The correctness comes from the fact that the answer depends only on frequency counts of values in the current active set, and every operation updates those counts exactly as if we were maintaining a multiset of node values on the path. The Euler + Mo framework guarantees that every query is evaluated over exactly the correct multiset of nodes on its path, and the incremental update formula preserves the exact value of ∑ f(x)^2 after every insertion or deletion. No approximation is introduced, only exact algebraic updates of a well-defined state.

Python Solution

import sys
input = sys.stdin.readline

sys.setrecursionlimit(10**7)

def solve():
    n, q = map(int, input().split())
    a = [0] + list(map(int, input().split()))

    g = [[] for _ in range(n + 1)]
    for _ in range(n - 1):
        u, v = map(int, input().split())
        g[u].append(v)
        g[v].append(u)

    LOG = 17
    up = [[0] * (n + 1) for _ in range(LOG)]
    depth = [0] * (n + 1)

    tin = [0] * (n + 1)
    tout = [0] * (n + 1)
    euler = []
    timer = 0

    def dfs(v, p):
        nonlocal timer
        tin[v] = timer
        euler.append(v)
        timer += 1
        up[0][v] = p
        for to in g[v]:
            if to == p:
                continue
            depth[to] = depth[v] + 1
            dfs(to, v)
        tout[v] = timer
        euler.append(v)
        timer += 1

    dfs(1, 1)

    for i in range(1, LOG):
        for v in range(1, n + 1):
            up[i][v] = up[i - 1][up[i - 1][v]]

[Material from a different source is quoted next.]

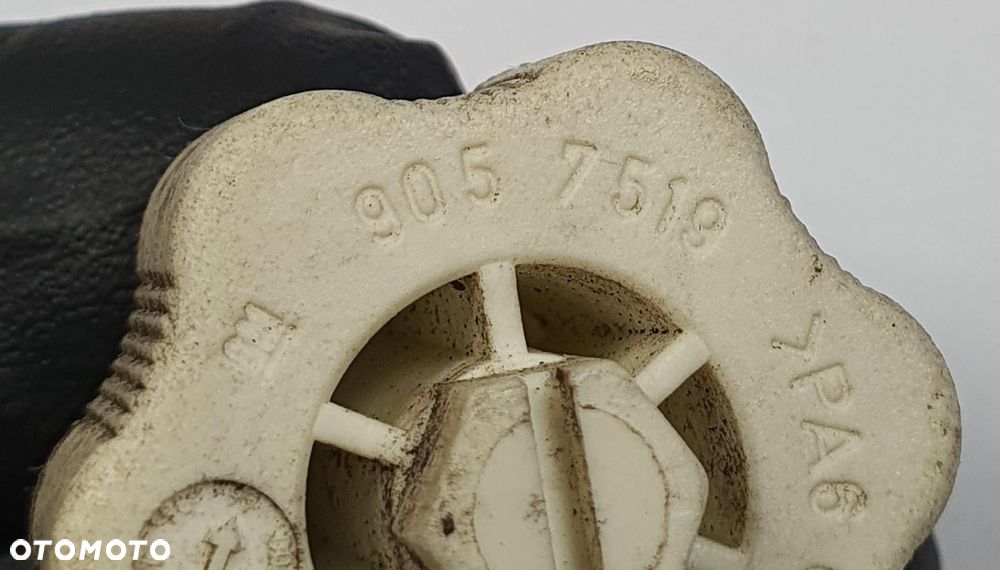 NAKRĘTKA MOTYL LAMPY TYŁ TYLNEJ OPEL ASTRA II G 90587519 - 3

    def is_ancestor(u, v):
        return tin[u] <= tin[v] and tout[v] <= tout[u]

    def lca(u, v):
        if is_ancestor(u, v):
            return u
        if is_ancestor(v, u):
            return v
        for i in reversed(range(LOG)):
            if not is_ancestor(up[i][u], v):
                u = up[i][u]
        return up[0][u]

    queries = []
    for i in range(q):
        u, v, l, r = map(int, input().split())
        queries.append((u, v, l, r, i))

    block = int(len(euler) ** 0.5) + 1

    def mo_key(x):
        l, r, _, _, _ = x
        return (l // block, r)

    def get_path(u, v):
        w = lca(u, v)
        if w == u:
            return (tin[u], tin[v], -1)
        if w == v:
            return (tin[v], tin[u], -1)
        return (tout[u], tin[v], w)

    def add(idx, vis, freq, cur):
        v = euler[idx]
        val = a[v]
        if vis[v]:
            freq[val] -= 1
            cur[0] -= 2 * freq[val] + 1
        else:
            freq[val] += 1
            cur[0] += 2 * freq[val] - 1
        vis[v] ^= 1

    queries.sort(key=mo_key)

    freq = [0] * 100001
    vis = [0] * (n + 1)
    cur = [0]

    ans = [0] * q

    L = 0
    R = -1

    for u, v, l, r, idx in queries:
        left, right, extra = get_path(u, v)

        def toggle(i):
            add(i, vis, freq, cur)

        while L > left:
            L -= 1
            toggle(L)
        while R < right:
            R += 1
            toggle(R)
        while L < left:
            toggle(L)
            L += 1
        while R > right:
            toggle(R)
            R -= 1

        if extra != -1:
            toggle(tin[extra])

        ans[idx] = cur[0]

        if extra != -1:
            toggle(tin[extra])

    print("\n".join(map(str, ans)))

if __name__ == "__main__":
    solve()

The solution builds a binary lifting structure for LCA computation and performs an Euler tour where each node appears twice, allowing path queries to be expressed as intervals plus a possible correction for the LCA.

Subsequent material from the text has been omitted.